Merge sort is a stable comparison-based algorithm, with a time complexity of O(nlog(n)) in all cases. It is commonly used in practice as a general-purpose algorithm for sorting arrays of all sizes.

Clarification Questions

If unspecified:

• Should the data be sorted in an ascending or descending order?
• Should the data be sorted in-place or is it acceptable to use additional data structures?
• What kinds of inputs do we need to handle?
  • Will it just be an array of integers or should we handle other data types?
  • Are there a large number of duplicate elements?
  • How should negative numbers be handled?

Solution

Note: This question tackles a standard merge sort which is recursive and not "in-place" for an output in ascending order.

/**
 * @param {Array<number>} arr The input integer array to be sorted.
 * @return {Array<number>}
 */
export default function mergeSort(arr) {
  // Return if array only has 0 or 1 elements (base case).
  if (arr.length <= 1) {
    return arr;
  }

  // Divide the array into two.
  const midPoint = Math.floor(arr.length / 2);
  const left = arr.slice(0, midPoint);
  const right = arr.slice(midPoint);

  // Merge sort each half recursively.
  const sortedLeft = mergeSort(left);
  const sortedRight = mergeSort(right);

  // Merge sorted halves.
  return merge(sortedLeft, sortedRight);
}

/**
 * Merges two sorted arrays of elements into one.
 * @param {Array<number>} left
 * @param {Array<number>} right
 * @return {Array<number>}
 */
function merge(left, right) {
  // Create an empty array to store the merged result.
  const mergedResult = [];

  let l = 0;
  let r = 0;
  // Repeatedly compare smallest element from each half
  // and append it to the merged result.
  // When one half runs out of elements,
  // append all the elements of the remaining half to the merged array
  while (l < left.length && r < right.length) {
    if (left[l] < right[r]) {
      mergedResult.push(left[l]);
      l++;
    } else {
      mergedResult.push(right[r]);
      r++;
    }
  }

  // Append any remaining elements from each sides.
  mergedResult.push(...left.slice(l), ...right.slice(r));
  return mergedResult;
}

Edge Cases

• Non-integer element input: If the input array comprises of elements of different data types, you may need to return an error, settle for sorting on a best-effort basis, for e.g., only sorting a subset of the input data, or even define custom comparison functions for non-integers.
• Single element / Empty input: Either return the original data structure, raise an error, or clarify required handling.
• Already sorted input: You may want to detect sorting and return the input unchanged.
• Invalid input: If the input is not a array, consider throwing an error.

Time Complexity

In the case of merge sort, the best, average and worst case time complexity are all O(nlog(n)). This means that the time taken for sorting is directly proportional to the product of the array size and logarithm of array size.
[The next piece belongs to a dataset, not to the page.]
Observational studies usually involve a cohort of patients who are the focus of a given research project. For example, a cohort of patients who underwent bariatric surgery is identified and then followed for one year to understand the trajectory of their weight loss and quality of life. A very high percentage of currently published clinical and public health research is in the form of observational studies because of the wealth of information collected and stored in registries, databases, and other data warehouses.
The dividing step has a time complexity proportional to the height of the binary tree created due to repeated divisions of the input array in half, and the number of steps is log(n) + 1 at most. Finding the middle of any subarray is a single-step operation that costs O(1). Hence, we expect a time complexity of O(log(n)) for this.
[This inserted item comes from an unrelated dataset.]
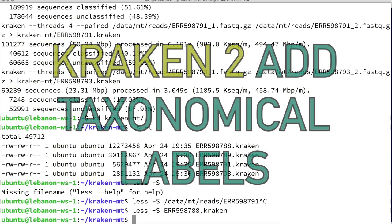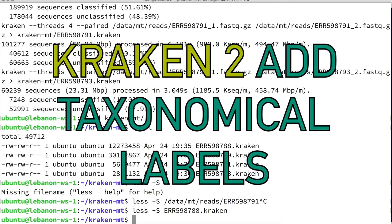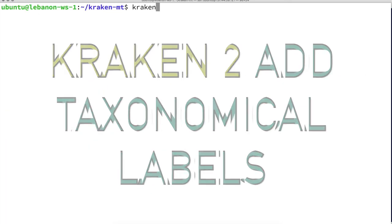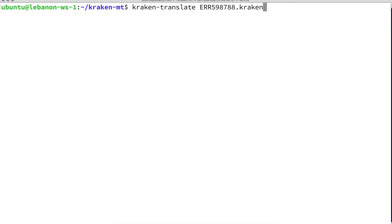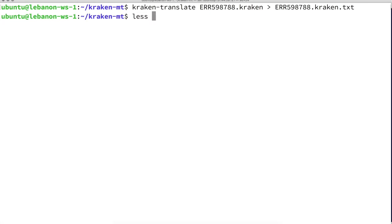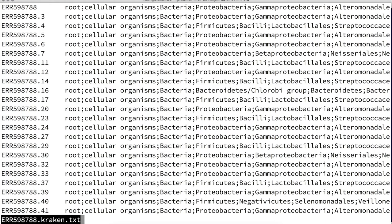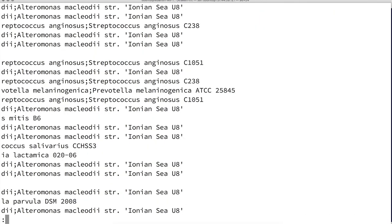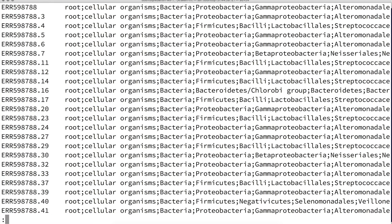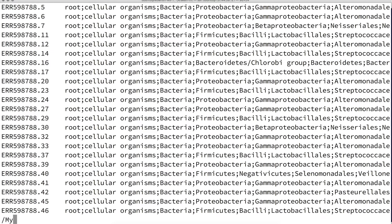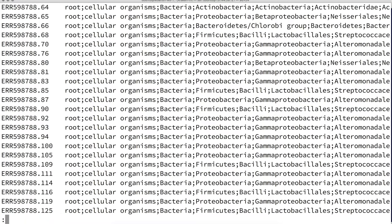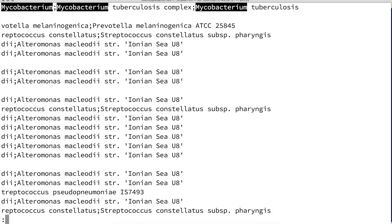If we want to see a read-by-read classification — which, again, is not something we usually do — we can use the kraken-translate program. It takes as input the output of Kraken and adds nice human-readable labels. I'll add a .txt extension to the output file. Looking at the created file, we now see that for each read we have the full taxonomy classification. Using less, we can search for mycobacterium — and yes, found: Mycobacterium tuberculosis.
The merging step takes O(n) time for each subarray created by division, as it requires combining of n elements into a single sorted list.
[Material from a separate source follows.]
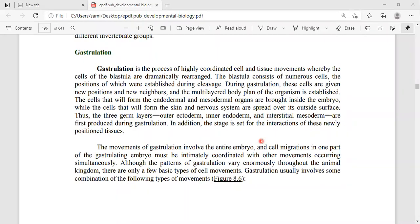Assalamu alaikum students. The next topic is about gastrulation. Gastrulation is a process that occurs after fertilization and cleavage, in which different kinds of cells start to rearrange themselves. That process is called gastrulation.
Overall, the time complexity of merge sort is n(log(n) + 1) = O(nlog(n)).

Space Complexity

In terms of space complexity, it is O(n) for a standard merge sort that is recursive and not in-place. The merge step requires the creation of a new array to store the merged result of the 2 halves. At the very last merge step, we expect the array to be as large as the input array. Hence, the space requirement is linear.